Monday, Feb. 17, 1958

Winthropologist

THE WINTHROP WOMAN (586 pp.)--Anya Seton--Houghfon Mifflin ($4.95).

There are those who like history and those who like novels; both classes of readers are apt to be depressed by historical novels. This form of literature, which requires a strict convention of disbelief, is perfectly exemplified in The Winthrop Woman, a bulging package of period color, religion, sex, sadism and witchcraft. It is written in what can only be called Williamsburg prose--the settings and costumes are as authentic as money and research can buy, and if the hands and heads that stick through the quaint old collars and cuffs are stuffed with straw, there will be no complaints from the fans of fancy-dress fiction. Novelist Seton (Dragonwyck, Katherine) moves among the historic exhibits with the assurance of an attendant waving a feather duster.
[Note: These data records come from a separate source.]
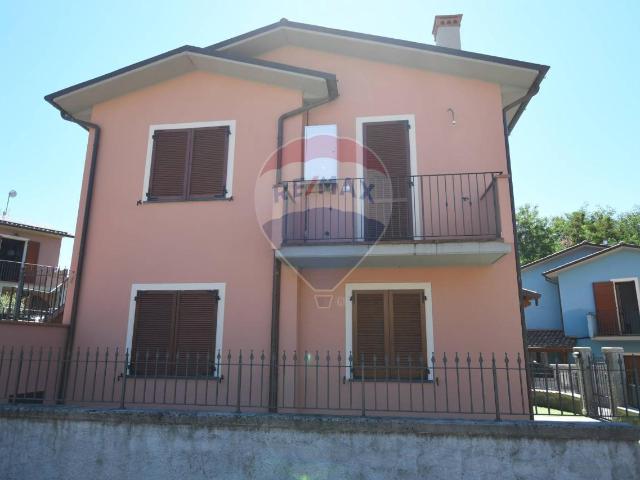Appartamento in vendita a Unione dei comuni Media Valle del Serchio, Fornoli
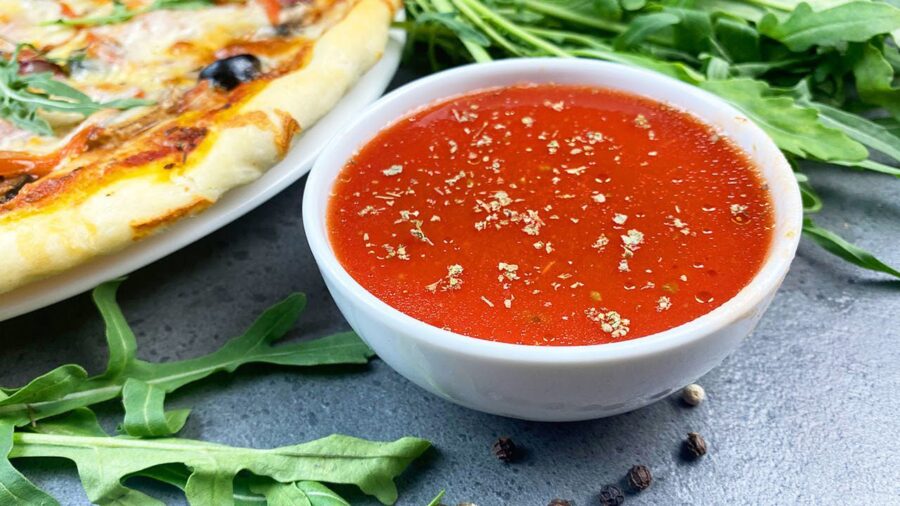 Томатний соус для домашньої піци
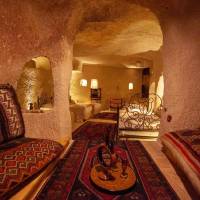 Family Suite (6 Adults)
The chief exhibit is Elizabeth Fones, who marries her cousin, Henry Winthrop. Henry is a bad hat who gives her a bad time, and her lot is further aggravated by the fact that her wicked uncle, Governor John Winthrop, seems determined to run the Massachusetts Bay colony without her advice. Of course, "a provoking lass she was, [with her] hair black as a wicked Spaniard's. There was a bursting carnal femaleness about her . . ." At this point, the reader will suspect that he is in for a slalom round every four-poster bed that can be worked into the narrative. Not so: no hussy she. Elizabeth represents a thoroughly modern, interfaith point of view among the heretic-hunting Puritans; and among the schismatics of prerevolutionary New England, she is the spirit of togetherness, a one-woman P.T.A. opposed to discrimination against Indians, be they Siwanoy, NarraganSett, or any other friendly neighborhood group.

Nonaddicts of historical fiction who may encounter The Winthrop Woman will probably experience the half-foolish, half-public-spirited emotions of citizens who have been cajoled into playing a part in some commemorative pageant: there is a good deal of history around, but somehow it seems to have got lost amid the fuss, feathers and false whiskers.
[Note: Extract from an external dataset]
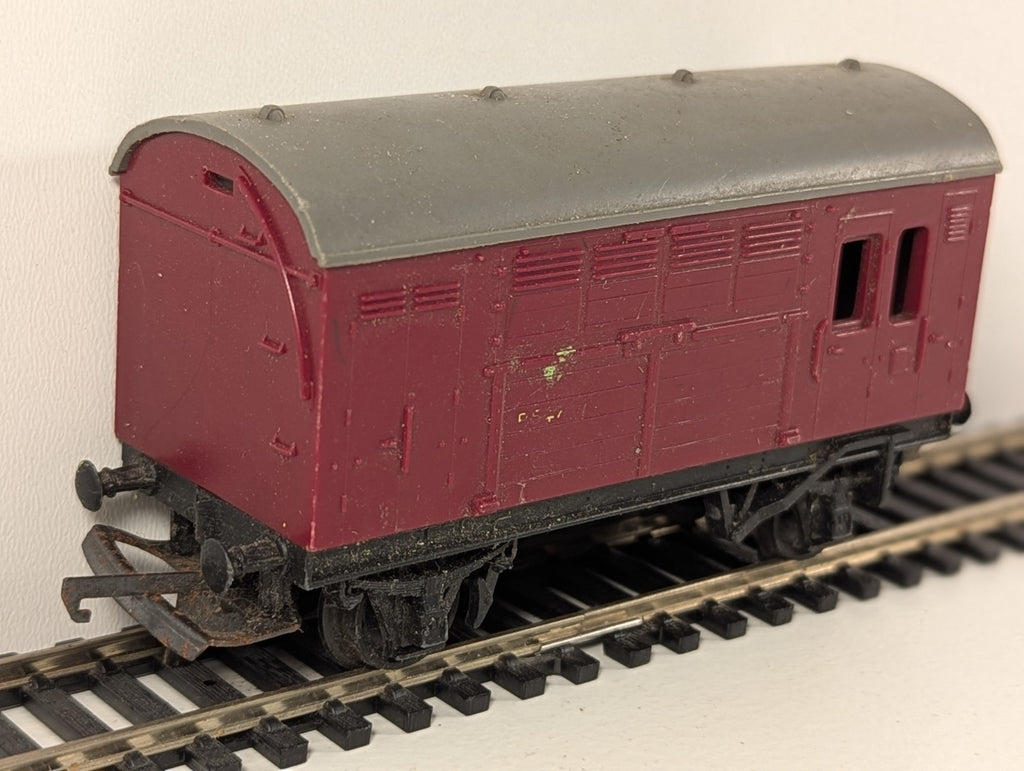 Tri-ang Hornby R123 Horse Box Wagon – BR Maroon – OO Gauge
In the dialogue there are enough "prithees," "goodwives," and "forsooths" to clog the collective gullet of The Lambs' club. As for the problem of delineating character, it is solved simply. Characters express emotion by changing color--from pink to grey, scarlet, dull red and "glistening" chalk white, until the fascinated reader feels like the chameleon, which is said to become a nervous wreck when nudged across a plaid bedspread.